Task instructions -
Each line below containing the word "Yellow" needs to be shown.

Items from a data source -

▬▬▬▬▬▬▬▬▬▬

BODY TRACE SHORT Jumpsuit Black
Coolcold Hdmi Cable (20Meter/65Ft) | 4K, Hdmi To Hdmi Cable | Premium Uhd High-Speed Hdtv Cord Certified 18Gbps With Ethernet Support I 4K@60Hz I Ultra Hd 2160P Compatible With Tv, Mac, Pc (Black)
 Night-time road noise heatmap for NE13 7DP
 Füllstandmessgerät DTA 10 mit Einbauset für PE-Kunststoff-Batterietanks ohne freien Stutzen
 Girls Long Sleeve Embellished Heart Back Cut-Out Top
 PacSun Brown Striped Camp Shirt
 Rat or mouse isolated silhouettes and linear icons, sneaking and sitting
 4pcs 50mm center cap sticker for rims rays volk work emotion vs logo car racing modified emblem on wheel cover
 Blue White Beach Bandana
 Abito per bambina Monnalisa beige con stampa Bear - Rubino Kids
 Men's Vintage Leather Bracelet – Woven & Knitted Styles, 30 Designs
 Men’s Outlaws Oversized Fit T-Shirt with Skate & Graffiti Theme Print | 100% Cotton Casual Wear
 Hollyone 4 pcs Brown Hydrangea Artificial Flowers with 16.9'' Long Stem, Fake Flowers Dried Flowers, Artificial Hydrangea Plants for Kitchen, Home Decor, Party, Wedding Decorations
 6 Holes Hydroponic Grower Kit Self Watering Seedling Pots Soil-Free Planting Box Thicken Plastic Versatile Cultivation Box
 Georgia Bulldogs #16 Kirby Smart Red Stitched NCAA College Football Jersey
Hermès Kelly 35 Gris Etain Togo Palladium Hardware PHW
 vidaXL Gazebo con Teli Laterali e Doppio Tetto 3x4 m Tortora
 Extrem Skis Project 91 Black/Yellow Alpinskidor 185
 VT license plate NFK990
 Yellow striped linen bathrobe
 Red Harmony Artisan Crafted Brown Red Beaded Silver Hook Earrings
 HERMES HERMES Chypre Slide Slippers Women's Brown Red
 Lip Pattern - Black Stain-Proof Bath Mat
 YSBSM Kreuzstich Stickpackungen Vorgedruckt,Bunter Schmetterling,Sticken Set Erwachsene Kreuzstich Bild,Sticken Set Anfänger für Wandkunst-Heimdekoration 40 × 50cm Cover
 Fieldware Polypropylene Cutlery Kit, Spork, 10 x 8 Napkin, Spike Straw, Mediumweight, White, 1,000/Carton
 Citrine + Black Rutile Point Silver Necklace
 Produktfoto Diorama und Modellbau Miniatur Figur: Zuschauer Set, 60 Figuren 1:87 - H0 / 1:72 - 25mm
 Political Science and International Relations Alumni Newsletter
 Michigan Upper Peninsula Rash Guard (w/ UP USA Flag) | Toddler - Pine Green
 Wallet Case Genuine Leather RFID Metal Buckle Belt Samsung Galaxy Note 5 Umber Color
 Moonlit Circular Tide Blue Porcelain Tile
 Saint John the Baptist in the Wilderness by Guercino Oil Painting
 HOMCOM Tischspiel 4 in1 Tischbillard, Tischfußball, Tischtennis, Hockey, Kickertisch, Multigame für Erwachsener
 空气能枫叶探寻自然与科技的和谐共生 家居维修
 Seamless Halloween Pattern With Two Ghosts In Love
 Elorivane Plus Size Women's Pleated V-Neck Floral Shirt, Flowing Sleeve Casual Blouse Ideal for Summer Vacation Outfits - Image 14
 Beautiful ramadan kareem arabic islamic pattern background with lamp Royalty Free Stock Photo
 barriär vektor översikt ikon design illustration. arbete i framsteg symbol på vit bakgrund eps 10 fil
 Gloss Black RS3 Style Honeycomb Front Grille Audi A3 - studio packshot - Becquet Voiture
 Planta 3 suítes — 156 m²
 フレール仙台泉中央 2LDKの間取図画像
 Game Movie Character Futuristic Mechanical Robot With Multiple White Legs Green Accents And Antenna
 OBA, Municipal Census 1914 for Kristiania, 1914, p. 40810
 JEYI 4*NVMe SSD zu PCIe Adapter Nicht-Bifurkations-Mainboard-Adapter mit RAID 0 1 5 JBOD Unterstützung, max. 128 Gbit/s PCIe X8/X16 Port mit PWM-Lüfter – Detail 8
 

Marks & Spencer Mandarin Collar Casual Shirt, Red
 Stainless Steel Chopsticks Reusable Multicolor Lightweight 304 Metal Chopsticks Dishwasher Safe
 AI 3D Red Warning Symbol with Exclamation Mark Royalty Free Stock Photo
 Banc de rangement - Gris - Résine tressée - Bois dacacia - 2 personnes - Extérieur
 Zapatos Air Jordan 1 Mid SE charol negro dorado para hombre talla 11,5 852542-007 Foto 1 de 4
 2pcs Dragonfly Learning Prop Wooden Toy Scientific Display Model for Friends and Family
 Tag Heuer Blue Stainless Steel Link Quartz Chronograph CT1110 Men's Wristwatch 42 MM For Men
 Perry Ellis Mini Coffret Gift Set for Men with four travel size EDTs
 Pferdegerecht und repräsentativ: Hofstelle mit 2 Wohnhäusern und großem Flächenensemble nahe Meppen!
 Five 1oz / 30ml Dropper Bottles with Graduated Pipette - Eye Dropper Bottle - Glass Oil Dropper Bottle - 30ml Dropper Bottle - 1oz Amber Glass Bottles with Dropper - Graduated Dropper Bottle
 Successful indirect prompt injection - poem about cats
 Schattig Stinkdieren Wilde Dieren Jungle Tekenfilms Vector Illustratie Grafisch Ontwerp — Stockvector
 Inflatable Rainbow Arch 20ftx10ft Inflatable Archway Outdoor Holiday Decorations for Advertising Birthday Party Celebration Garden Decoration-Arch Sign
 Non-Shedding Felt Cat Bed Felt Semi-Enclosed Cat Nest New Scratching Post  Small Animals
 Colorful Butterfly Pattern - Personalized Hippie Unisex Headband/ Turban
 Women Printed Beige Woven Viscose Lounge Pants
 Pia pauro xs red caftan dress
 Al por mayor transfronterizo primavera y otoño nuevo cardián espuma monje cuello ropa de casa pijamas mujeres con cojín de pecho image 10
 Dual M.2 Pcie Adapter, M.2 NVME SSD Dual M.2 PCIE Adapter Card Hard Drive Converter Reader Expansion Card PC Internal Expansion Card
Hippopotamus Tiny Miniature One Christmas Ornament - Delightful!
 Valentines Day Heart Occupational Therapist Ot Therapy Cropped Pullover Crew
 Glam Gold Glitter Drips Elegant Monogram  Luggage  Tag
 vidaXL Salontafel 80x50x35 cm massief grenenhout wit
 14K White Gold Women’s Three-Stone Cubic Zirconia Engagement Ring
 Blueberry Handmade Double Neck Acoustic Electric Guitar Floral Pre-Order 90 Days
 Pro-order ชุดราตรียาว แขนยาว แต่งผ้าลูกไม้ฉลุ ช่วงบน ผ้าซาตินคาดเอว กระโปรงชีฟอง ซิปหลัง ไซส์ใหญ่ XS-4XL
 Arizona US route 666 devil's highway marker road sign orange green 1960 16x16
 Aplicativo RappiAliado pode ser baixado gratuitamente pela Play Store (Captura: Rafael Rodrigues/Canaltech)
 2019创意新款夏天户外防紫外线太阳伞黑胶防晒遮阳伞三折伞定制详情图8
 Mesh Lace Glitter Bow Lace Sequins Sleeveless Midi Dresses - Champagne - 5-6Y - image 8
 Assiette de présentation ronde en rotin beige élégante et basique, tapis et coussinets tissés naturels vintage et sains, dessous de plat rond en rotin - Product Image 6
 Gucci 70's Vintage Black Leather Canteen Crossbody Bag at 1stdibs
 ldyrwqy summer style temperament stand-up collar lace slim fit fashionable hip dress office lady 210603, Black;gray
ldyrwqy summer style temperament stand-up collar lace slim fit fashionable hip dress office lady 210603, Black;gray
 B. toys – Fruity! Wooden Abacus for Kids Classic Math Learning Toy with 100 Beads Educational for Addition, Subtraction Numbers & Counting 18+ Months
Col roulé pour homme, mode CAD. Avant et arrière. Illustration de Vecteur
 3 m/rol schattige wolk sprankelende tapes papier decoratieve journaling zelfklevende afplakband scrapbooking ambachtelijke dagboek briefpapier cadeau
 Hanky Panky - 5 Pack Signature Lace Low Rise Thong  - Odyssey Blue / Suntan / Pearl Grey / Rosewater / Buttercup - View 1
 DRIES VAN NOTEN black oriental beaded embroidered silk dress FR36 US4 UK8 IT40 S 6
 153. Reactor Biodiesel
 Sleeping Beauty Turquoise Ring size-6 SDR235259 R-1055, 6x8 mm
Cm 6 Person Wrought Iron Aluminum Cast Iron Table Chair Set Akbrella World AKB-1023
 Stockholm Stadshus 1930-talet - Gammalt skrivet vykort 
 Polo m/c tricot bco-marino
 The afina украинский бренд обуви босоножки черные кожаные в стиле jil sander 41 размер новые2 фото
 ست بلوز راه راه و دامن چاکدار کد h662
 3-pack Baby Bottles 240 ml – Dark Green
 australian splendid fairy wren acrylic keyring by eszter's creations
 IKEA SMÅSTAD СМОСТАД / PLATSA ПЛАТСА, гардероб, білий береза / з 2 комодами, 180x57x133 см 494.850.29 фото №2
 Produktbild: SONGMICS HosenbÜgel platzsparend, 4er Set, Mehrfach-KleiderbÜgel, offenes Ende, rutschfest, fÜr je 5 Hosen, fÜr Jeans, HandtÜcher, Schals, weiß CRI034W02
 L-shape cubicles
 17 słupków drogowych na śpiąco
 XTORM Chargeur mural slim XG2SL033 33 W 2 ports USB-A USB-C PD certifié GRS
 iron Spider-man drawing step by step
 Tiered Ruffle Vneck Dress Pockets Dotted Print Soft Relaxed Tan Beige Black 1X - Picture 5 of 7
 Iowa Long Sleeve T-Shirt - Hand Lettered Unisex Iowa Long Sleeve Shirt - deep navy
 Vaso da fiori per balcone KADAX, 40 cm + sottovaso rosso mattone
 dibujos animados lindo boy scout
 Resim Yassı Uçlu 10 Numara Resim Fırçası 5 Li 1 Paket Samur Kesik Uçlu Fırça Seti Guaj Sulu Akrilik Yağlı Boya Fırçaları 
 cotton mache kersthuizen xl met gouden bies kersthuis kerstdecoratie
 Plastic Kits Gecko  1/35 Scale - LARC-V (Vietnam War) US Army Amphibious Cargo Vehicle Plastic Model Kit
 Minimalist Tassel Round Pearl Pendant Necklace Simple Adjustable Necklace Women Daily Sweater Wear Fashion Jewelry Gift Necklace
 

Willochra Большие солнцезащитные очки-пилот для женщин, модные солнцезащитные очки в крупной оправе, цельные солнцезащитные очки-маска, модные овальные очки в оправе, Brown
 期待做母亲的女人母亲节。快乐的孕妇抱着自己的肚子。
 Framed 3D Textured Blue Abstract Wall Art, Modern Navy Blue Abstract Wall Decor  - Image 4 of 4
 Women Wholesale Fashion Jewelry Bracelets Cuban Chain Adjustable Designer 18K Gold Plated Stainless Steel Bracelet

▬▬▬▬▬▬▬▬▬▬

Exercise response -
 Extrem Skis Project 91 Black/Yellow Alpinskidor 185
 Yellow striped linen bathrobe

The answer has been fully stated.